Topline
Support for childhood vaccination remains high after the Covid-19 pandemic despite shifting attitudes toward school mandates and persistent skepticism over coronavirus shots, according to a Pew Research Center poll released Tuesday, a finding that helps mollify widespread fears of plummeting vaccination rates following years of bitter partisan bickering.
Key Facts
Around nine-in-ten Americans say the benefits of childhood vaccines for measles, mumps and rubella, MMR, outweigh the risks, according to Pew’s survey of nearly 11,000 U.S. adults conducted March 13 through 19.
The response contrasts notably with the proportion of Americans who say the benefits of Covid-19 vaccination outweighs the risks—62%, less than two-thirds—and has remained virtually unchanged from surveys Pew conducted before the pandemic in 2019 and 2016.
While the overall assessment of the value of MMR vaccines has remained the same, Pew found growing signs of vaccine hesitancy among parents as well as shifting attitudes toward the requirements for children to attend public school.
The proportion of Americans who believe children should be vaccinated in order to attend public school has dropped since the pandemic, Pew found, with seven-in-ten now supporting the requirements, down from 82% in 2016 and 2019.
Shifting views among Republicans is the primary driving force for this change, Pew found, with around half (57%) polled now supporting school vaccine requirements, down from 79% four years ago (Pew found no meaningful change among Democrats).

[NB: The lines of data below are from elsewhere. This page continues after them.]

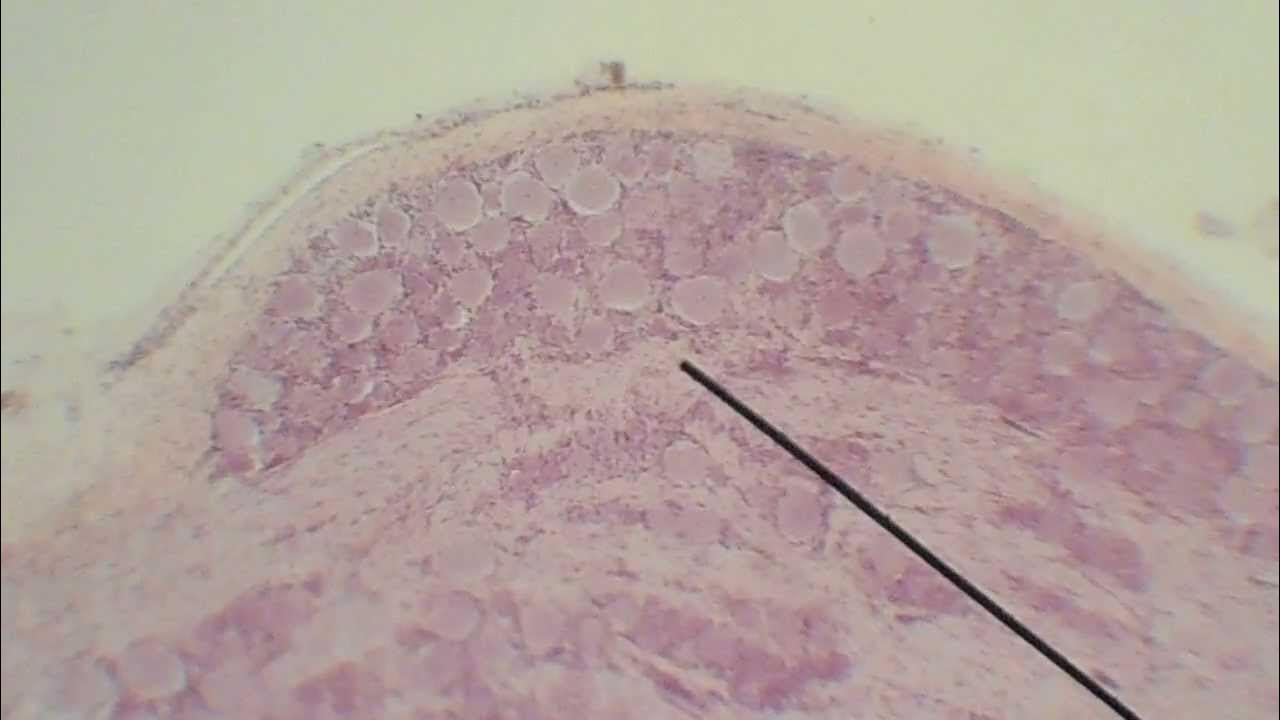 спинномозговой узел гистология. срез спинномозгового узла гистология препарат. спинальный ганглий гистология. спинномозговой ганглий препарат. спинномозговой узел гистология препарат.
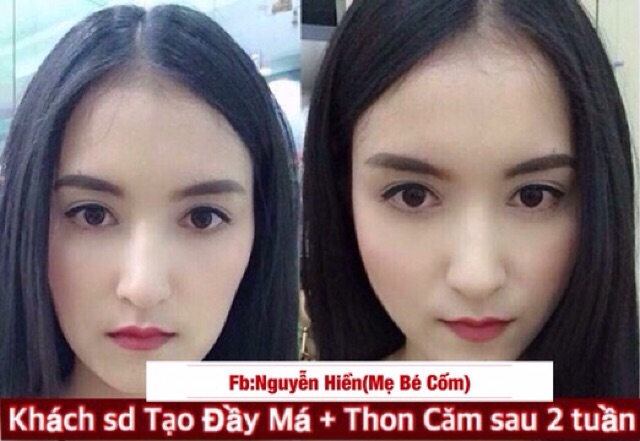 Tinh chất đầy má baby Miracle | BigBuy360 - bigbuy360.vn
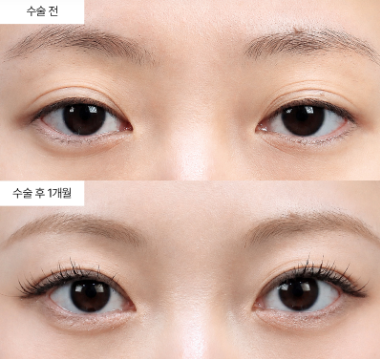 눈밑지방재배치 후 왜 다시 꺼지는 경우가 생기나요?
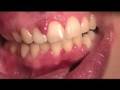 The Biolase Waterlase MD is used by Dr. Rosenberg to Remove Emily's Pyogenic Granuloma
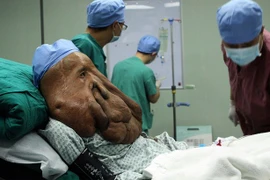 Người đàn ông khổ sở với khối u 17.5 kg trên mặt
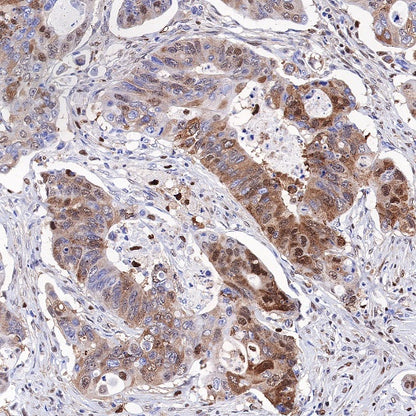 SQSTM1/p62 Recombinant Rabbit mAb (S-778-1)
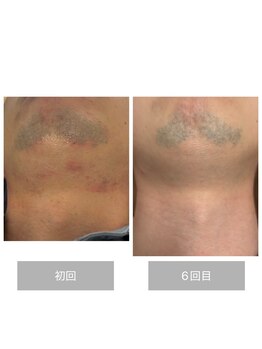 ダンニヒル(dannihil)/【顔脱毛】脱髭剃り負け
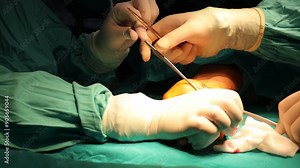 Surgeon With Assistance Performing Delicate Hand Surgery In An Operating Room. Medical, Healthcare, And Surgical Precision Concepts Stock Video
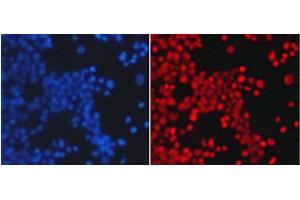 Immunofluorescence analysis of 293T cells using TriMethyl-Histone H4-K20 Polyclonal Antibody (Histone H4 antibody  (3meLys20))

Support for parents being able to decide whether to vaccinate their own children also changed during the pandemic, Pew found, with 28% now supporting a parent’s right to choose, up 12 points from 2019.
Surprising Fact
Attitudes toward vaccinations depended heavily on the vaccine in question, Pew found, and 70% adults who said they had not been vaccinated against Covid-19 said their child had received the MMR shots. Unvaccinated parents were, however, more likely to express concerns over the vaccines, even if they concluded the risks of the MMR shots were outweighed by the benefits. Two-thirds of adults who had not received a Covid-19 vaccine said they worried not all childhood vaccines were necessary, for example, compared to just 25% of fully vaccinated and recently boosted adults and 36% of fully vaccinated but not recently boosted adults.
News Peg
Vaccination became a divisive and contentious issue during the Covid-19 pandemic, intensifying long simmering tensions and splitting the nation alongside largely partisan lines. On the whole, Republicans have been far less likely to accept the shots and more likely to oppose requirements they be mandated, with some going as far as to reject longstanding vaccine requirements for children covering other infections like measles and polio and the topic becoming a rallying cry for political maneuvering. The soaring hesitancy, as illustrated by growing concern among the necessity of vaccinations for kids, prompted fears among health organizations like the World Health Organization and the Centers for Disease Control and Prevention that previously contained childhood illnesses like measles would stage a comeback, particularly given the disruptions the pandemic caused to normal vaccination schedules. Evidence, including this poll, suggests this growing hesitancy may not have translated into a dip in vaccinations, though experts are still concerned about shifting attitudes and laxer requirements. The reemergence of polio, a long-feared childhood scourge capable of paralyzing or killing, and growing measles outbreaks have nevertheless stoked these fears and officials are still working to persuade people of the value of vaccinating against diseases whose impact has largely faded from public consciousness.
Tangent
Vaccine attitudes are heavily politicized. Pew found that seven-in-ten unvaccinated adults identify as Republican or Republican-leaning. In contrast, only two-in-ten unvaccinated adults identified as Democrats or Democrat-leaning.